Not new to 3D printing, although this is the first 3D printer that I have bought for myself and set up. (I had only used the ones at work before) I have not printed anything as of yet, because I first wanted to get my whole setup ready. I built an enclosure for it, ordered filament, ect. In preperation. I got down to the last step-octoprint, and that's where everything went downhill. The octopi software booted right up and I was able to connect to it by http://octopi.local and set everything up, but for some reason I can not connect to my printer. I know that this issue has happened before, believe me, I have scoured the internet before resorting to posting here. The answer is always the same. "Replace the USB cable" I have done so with about 10 usb cables by now and none of them work. I did however find a usb cable with a tag on it though, and was able to look up the part number to find that it is in fact both charging and data. I also know it is data because when I use the same cable, I can connect to cura on my Windows 11 pc just fine, and can control the printer. I really do not know what to do, I know that my raspberry pi works, because I have used it for projects in the past. What did you already try to solve it?
Swap USB cables
Followed steps in the FAQ like "wait for start on connect", ect.
Additional information about your network (Hardware you are trying to connect to, hardware you are trying to connect from, router, access point, used operating systems, ...)
I tried using both a 4G and a 5G network, neither changed any connectivity's to the printer, so I really don't think it's a network issue, but this was the closest sub-forum I could think to put it in. Mods, feel free to move it though.
Please let me know if there is any other information I need to provide!
I was hitting the same brick wall with my new Creality CR-X Pro after Christmas,
but had the variable of intermittent success.
First step was taping the 5V pin; bit of a flake process, as the tape can get pushed back.
Ended up grabbing the Dremel & grinding out the 5V pin at the USB-A end.
A lot tidier that splitting the cable to cut the 5V wire & taping it up.
2nd thing was removing the SD card from the printer.
Looking in the Terminal listing I could see that occasionally there was less that a full directory listing & in those instances things went wrong from there.

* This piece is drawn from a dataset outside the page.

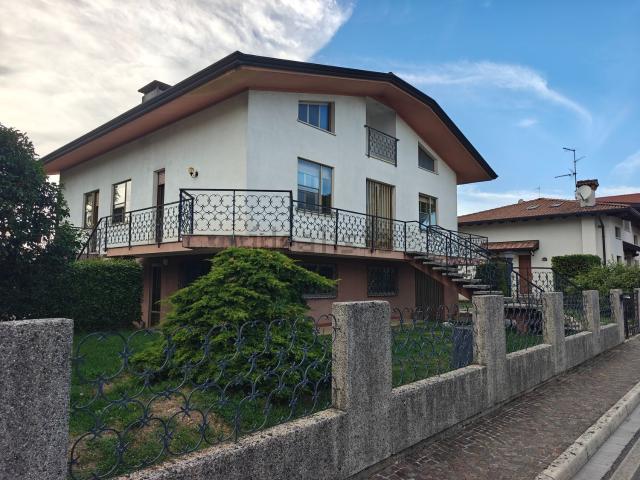 Case e ville in vendita di 300 m² in Via Centrale, 70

Don't know if it helped, but as well as leaving the card out I have also disabled SD card support in the feature.
Simply don't need it as I now upload all straight to the Pi.
I was very hopeful that this would work, after both you and @Phil23 said the same thing. As soon as I got home today, I tried it a few times, and it still does not work. I followed the guide that you linked to and taped the far right pin on the connector, but it still failed to work. Do either of you have any other Ideas?
Well... I am very sad to report... I guess the USB port on my raspberry pi gave out. I tried using a friend's raspberry pi and it booted right up. I really don't want to buy another one but I guess that Is the fix Thank you guys for the help! You at least pointed me in the right direction.
Don't know if there's any relevance in this, but I did make a point of NOT using the USB 3.0 ports.
Just falls back to the occasional issues I've struck over the past 30 years,
(& USB hasn't been about that long yet), where port compatibility was an issue.
Saw it most around the times each new standard emerged.